In 1440, after the failure at Belgrade, the Ottoman forces commanded by the beylerbey (the Lord of Lords) of Rumelia Eyalet, Hadım Şehabeddin, again besieged Novo Brdo.

The garrisoned Serbian forces were also supported by citizens of the Republic of Ragusa, Ragusa having instructed their subjects in Novo Brdo to help defend the town. Ragusans, who were predominantly merchants, were practically forced to resist the Ottomans because otherwise their property in Novo Brdo would be confiscated, like it was in the case of Ragusan merchants who happened to be outside of the town when the siege began and refused to return to it.

Despot Đurađ Branković and his wife traveled from Hungary to Zeta, accompanied with several hundred cavalry and Albanian vojvoda Petar Spani. They first went to Zagreb, to Đurađ's sister Katarina who was the wife of Ulrich II, Count of Celje. Then Branković arrived at Ragusa (Dubrovnik) at the end of July 1440 and after several days he continued his journey toward his coastal towns of Budva and Bar which became the new capital of the remaining part of his despotate. In the period between 1 July 1440 and his arrival at Bar, the Ottoman forces defeated some military units from Novo Brdo in a battle near Makreš (a village near modern-day Gnjilane).
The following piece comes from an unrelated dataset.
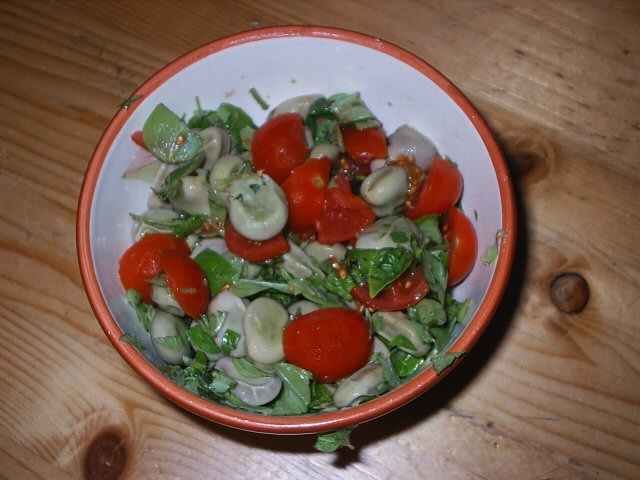 tomato and bean salad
In August 1440, Branković arrived at Bar where he stayed until the end of the winter 1440–41. There he tried to mobilize forces to recapture the territory of the Serbian Despotate he lost to the Ottomans. At the same time, Branković maintained communication with the garrison in Novo Brdo and his son Grgur, who at the time was an Ottoman governor. That was one of the main reasons why the Ottomans, probably justifiably, accused Grgur of treason and dismissed him from his governorship in April 1441. On 8 May 1441, both Grgur and his brother Stefan were blinded, based on the order of Sultan Murad II. Branković faced another disappointment in Zeta where he found out that the Crnojevići rebelled against vojvoda Komnen, the governor of Zeta. Branković left Zeta in April 1441 and resided in Ragusa for a while. This angered the Ottomans who requested, through their envoy Agub, that Ragusa should hand over Branković. Ragusans refused this request and explained in a letter to Ishak-Beg and Hadım Şehabeddin that Ragusa has not accepted Branković because he was an enemy of the sultan but because it was a free city that accepts anybody who seeks shelter in it. They also emphasized that Branković being in Ragusa is the best guarantee that he would not undertake any action against the Ottomans. Ragusans wanted to send their diplomats to Hadım Şehabeddin and requested his written guarantee for their safe conduct. On 13 June 1441 Hadım Şehabeddin, who was in Vučitrn at the time, issued the requested guarantee to the Ragusans.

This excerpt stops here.